> **Task goal**
An exact transcription is needed of the lines below from the one with "IHC staining of" through the one with "得了尖锐性湿疣怎么缓解焦虑,尖锐性湿疣初期容不容易破", with no other lines and no pictures.

___ Given records ___

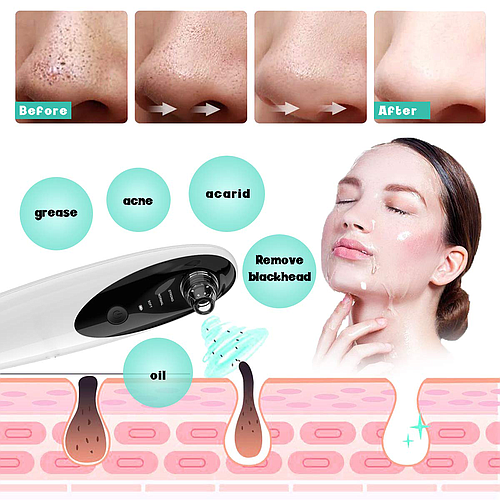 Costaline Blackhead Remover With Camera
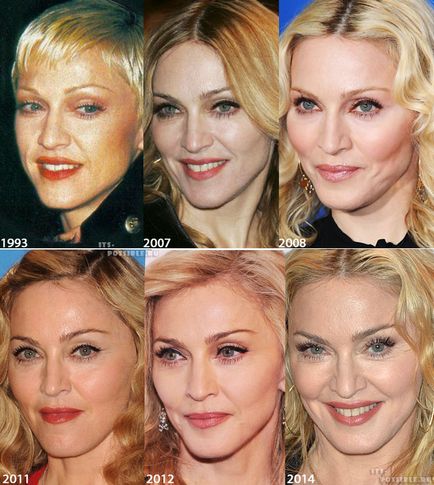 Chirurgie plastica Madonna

___
___ Given records ___

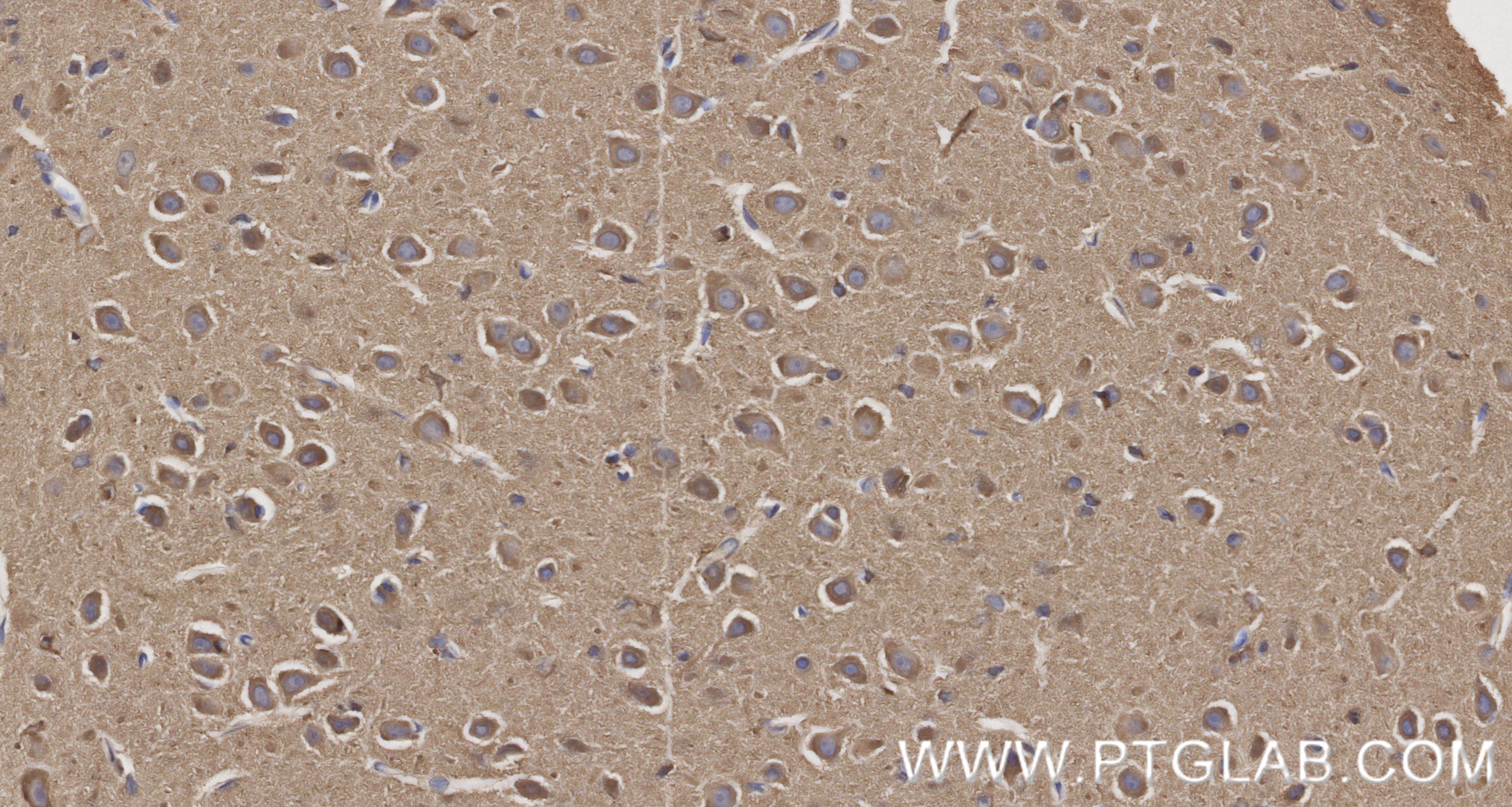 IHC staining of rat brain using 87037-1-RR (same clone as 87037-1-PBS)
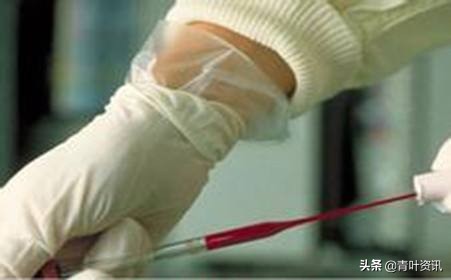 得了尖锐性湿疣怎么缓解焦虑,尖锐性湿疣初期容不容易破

___

> **Exercise answer**
 IHC staining of rat brain using 87037-1-RR (same clone as 87037-1-PBS)
 得了尖锐性湿疣怎么缓解焦虑,尖锐性湿疣初期容不容易破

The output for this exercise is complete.